## DATA UNDER STUDY:
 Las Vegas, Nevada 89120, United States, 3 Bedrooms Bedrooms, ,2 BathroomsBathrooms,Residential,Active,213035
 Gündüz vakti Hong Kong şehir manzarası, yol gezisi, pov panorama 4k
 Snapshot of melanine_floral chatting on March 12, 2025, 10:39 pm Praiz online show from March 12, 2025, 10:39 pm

--

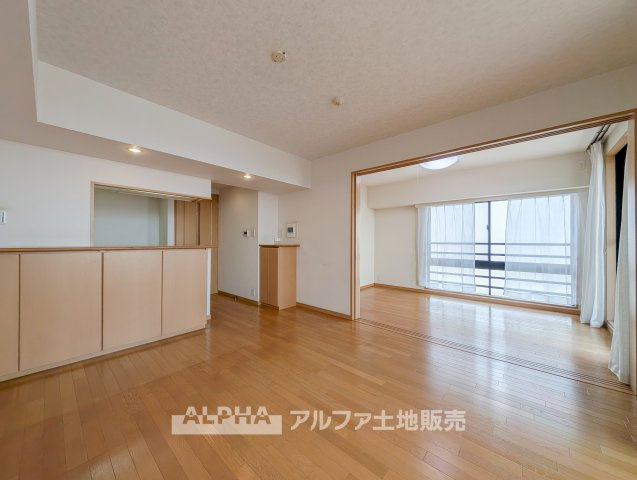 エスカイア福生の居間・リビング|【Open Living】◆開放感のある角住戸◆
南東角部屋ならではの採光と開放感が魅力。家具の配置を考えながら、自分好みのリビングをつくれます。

## ACTIVITY:
Return only the part above that opens with the line containing "エスカイア福生の居間・リビン" and closes with the line containing "南東角部屋ならではの採光と開", exactly and with both ends, skipping the pictures.

## PROBLEM SOLUTION:
 エスカイア福生の居間・リビング|【Open Living】◆開放感のある角住戸◆
南東角部屋ならではの採光と開放感が魅力。家具の配置を考えながら、自分好みのリビングをつくれます。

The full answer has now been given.